Every episode of Catfish that I have watched has the same premise, people falling in “love” over the internet that have not met. They communicate through email, text, internet messaging, and phone calls. What’s missing? In some cases phone calls and in all cases, web cam communication. Why? Because one of the two is not really who they say they are. The most phenomenal part of all of this is that the person who has contacted Catfish has believed all the excuses that the GHOST has given for lack of face to face interaction. Some of the excuses are so obscene that I can’t imagine that in any other context they would be believed. Some of the best were:

“I am a recording artist and I travel a lot so I don’t have time.”

“I don’t have a cell phone.” (Honestly, this is the one that I just can’t buy into; my 8 year old nephew has an iPhone)

“My webcam is broken.” (Really, for 2 years?)”

These are things that like I said before just aren’t realistic. If you have time to wait for a flight, go on vacation, or even have a quarter, you can call. Many of these catfish are actually the opposite sex than what they advertise online. You can imagine the surprise that the poor unassuming fool in love is in for.

To make a very long story short, about 80-85 percent of the people united on catfish actually stay “together.” Most stay “friends” or go their separate ways. One that I just saw a few days ago was mind blowing, sweet, but mind blowing. A woman was on a bad downward spiral and online met “Steve.” Steve was a very (very very very )handsome man, dark skin, green eyes, a recording artist and music producer that was always on the road. They had been talking for 2.5 years and had never met due to his overcrowded schedule and convenient travel itineraries. They spoke on the phone often, had phone sex, texted constantly, but never met face to face. The woman eventually proposed to Steve and he said “OK.” They were to be married. Finally the woman, desperate to meet her love and future husband contacted the show to arrange a meeting. And so it went that with the help of the crew that they were, finally, to meet.

Another long story short, it was the best friend of the woman who had invented Steve to save her best friend from the toils and tribulations of being a potential “single mother, alcoholic loser.” All the things that the best friend thought she would turn into if she continued drinking and having reckless sex. Instead of that demise, she set her friend up for the biggest heart break of her life.

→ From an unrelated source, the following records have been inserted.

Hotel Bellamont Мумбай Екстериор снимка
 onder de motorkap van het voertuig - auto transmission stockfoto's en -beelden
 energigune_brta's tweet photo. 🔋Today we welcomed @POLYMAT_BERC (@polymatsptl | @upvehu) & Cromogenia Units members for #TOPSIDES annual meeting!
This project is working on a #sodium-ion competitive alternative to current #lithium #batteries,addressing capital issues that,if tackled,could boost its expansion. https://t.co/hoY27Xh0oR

The best friend had gotten another identical cell phone to her own personal phone so that she could text as “Steve” when they were hanging out, had her cousin be the voice of Steve (for all the hot phone sex that they had), used pictures from a hot male models MySpace page, and believe it or not it ended up that all that hard work paid off. The woman did indeed change her ways, she enrolled in school, stopped drinking and of course, she was engaged so no more reckless sex. The woman told the show that she was able to change because of the love and support that she had received from Steve. The acceptance and concern that he had for her made her believe that she was worth more than ugly dates with Jack, Jim and Jose. She also, unexpectedly appreciated her friend’s efforts and after multiple heart wrenching screams alone in the car, forgave her friend. She had changed, no matter what the reason or who the reason was, she had made permanent positive changes. Her heart was heavy as she deconstructed Steve, and of course in the two months following the show work on getting back to the closeness that her and her friend once shared. In interviews, they were both confident that they would remain friends. That seems like love to me.

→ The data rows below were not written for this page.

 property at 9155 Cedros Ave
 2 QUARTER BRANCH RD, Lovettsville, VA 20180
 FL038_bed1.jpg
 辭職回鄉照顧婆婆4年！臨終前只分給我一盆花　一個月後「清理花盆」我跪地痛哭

But what kind of love? Friend love? I watched half expecting to see the two friends become lesbian life partners (but then that would be way to cool of an ending…) they didn’t, but there must have been some rubbery band connections. A closeness that even that kind of deception couldn’t snap, a deeper connection that convinced the best friend that even if she was eternally hated by her friend, it was worth it. She would self-sacrifice her happiness in that friendship for her friend to live her life in her best sense of self. Now that is love (at least the way know it.) There doesn’t need to be genital contact to feel a soul connection to another human being and actually it seems that the soul connection between friends might even run deeper than the vagina (or maybe it’s all about the vagina?) I hesitate to make a reference to Sex and the City (just cause it’s so cliché and it’s just a TV show…but there is not one episode that doesn’t portray some facet of being a woman, both desirable and undesirable) but in the series we hear some pearls of wisdom that just can’t be ignored. One of which was: “Maybe our girlfriends are our soul mates and guys are just people to have fun with.” This best friend seemed to understand the depth of the connection between women. We are the sacred feminine, the creators of the universe, and if one of us goes down, we all go down. The connection between women needs no definition or explanation. It’s just known and felt. It has existed since the creation of our universes and will be the energy that takes us into eternity. This digression, although a bit long winded, is a necessary part of the equation. With that I continue…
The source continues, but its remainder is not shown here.